=== Begin Enclosure ===

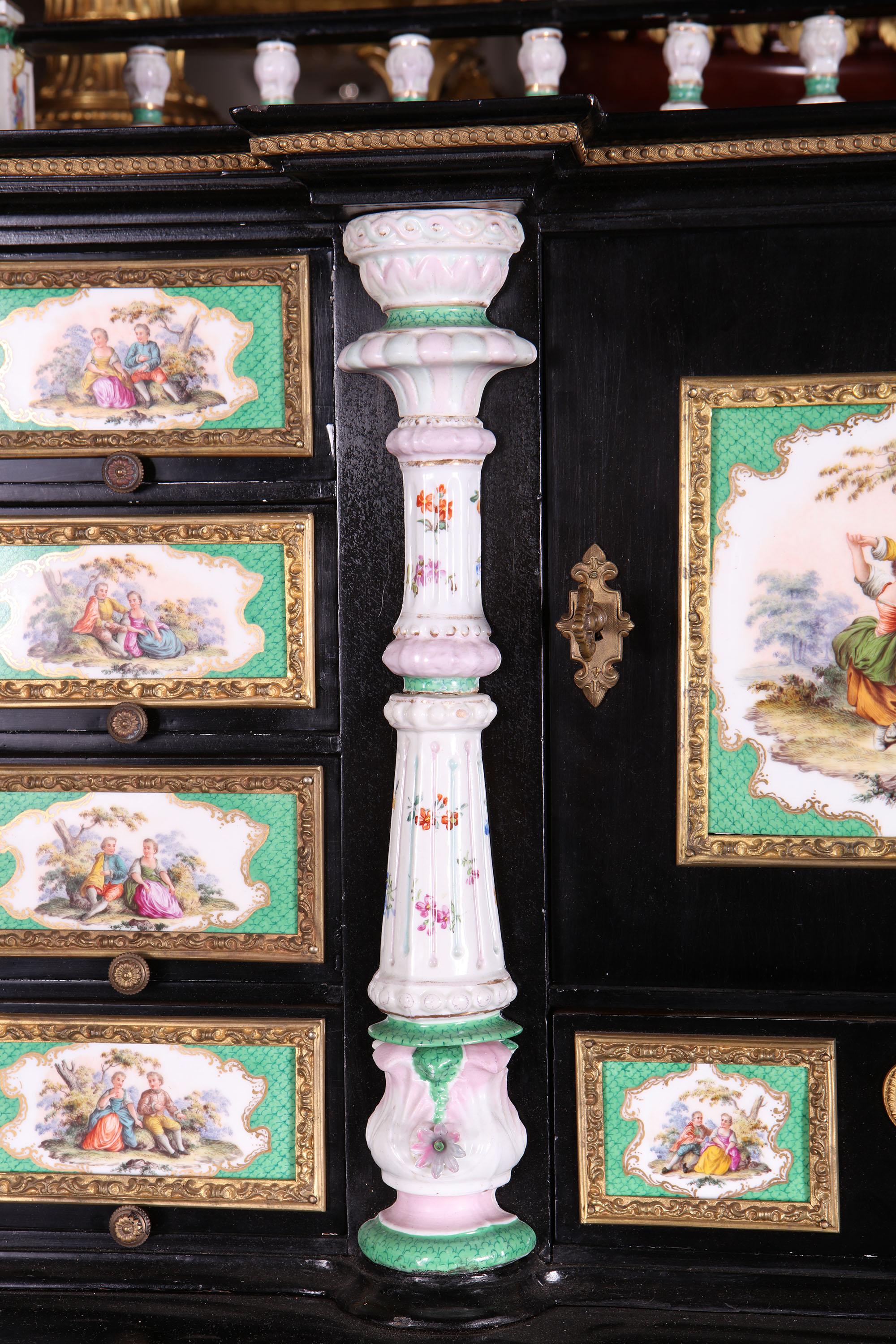 Dresden Porcelain Mounted Ebonised Bureau Cabinet For Sale 1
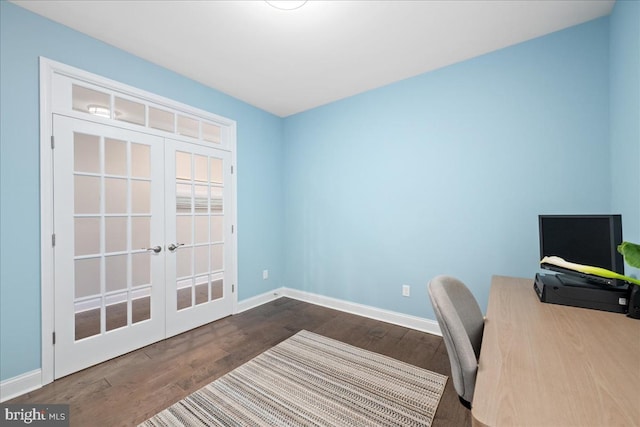 home office with french doors and dark wood-type flooring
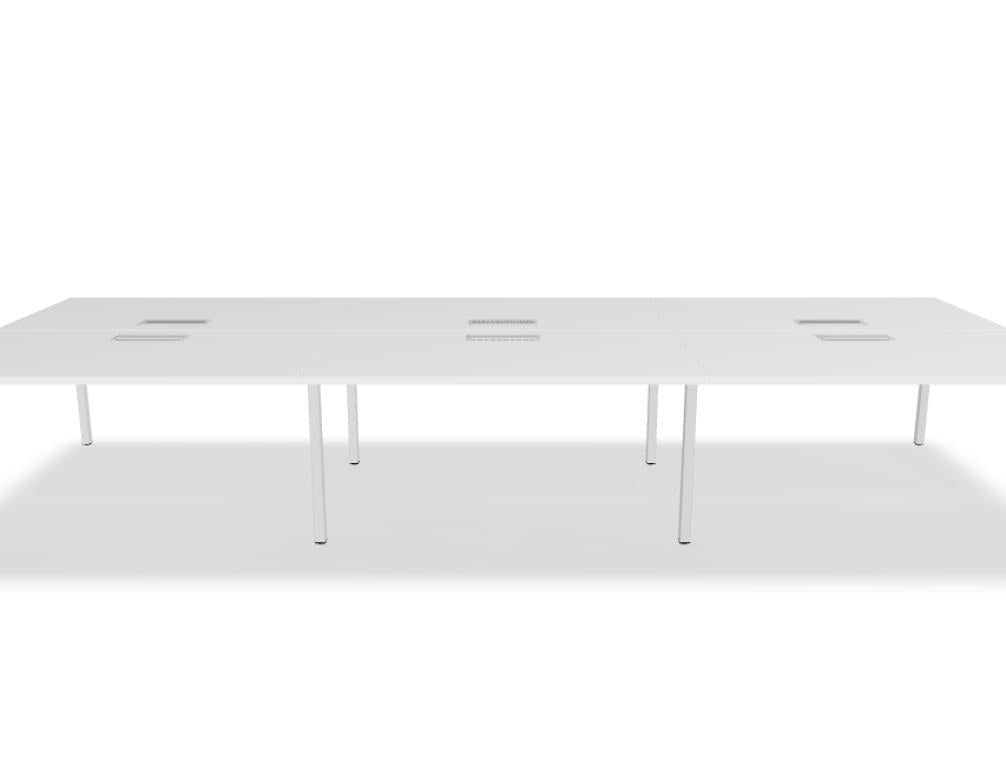 Doppelschreibtisch Ogi Y Bench von Mdd in Honigeiche mit schwarzem Metallgestell, Tischplatte für zwei Arbeitsplätze nebeneinander.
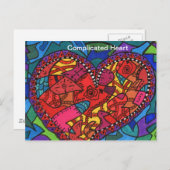 Carte Postale Coeur compliqué (Devant / Derrière)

=== End Enclosure ===

-- WHAT YOU WILL DO --
The data above must be given back verbatim, minus its images.

-- RESPONSE TO THE EXERCISE --
 Dresden Porcelain Mounted Ebonised Bureau Cabinet For Sale 1
 home office with french doors and dark wood-type flooring
 Doppelschreibtisch Ogi Y Bench von Mdd in Honigeiche mit schwarzem Metallgestell, Tischplatte für zwei Arbeitsplätze nebeneinander.
 Carte Postale Coeur compliqué (Devant / Derrière)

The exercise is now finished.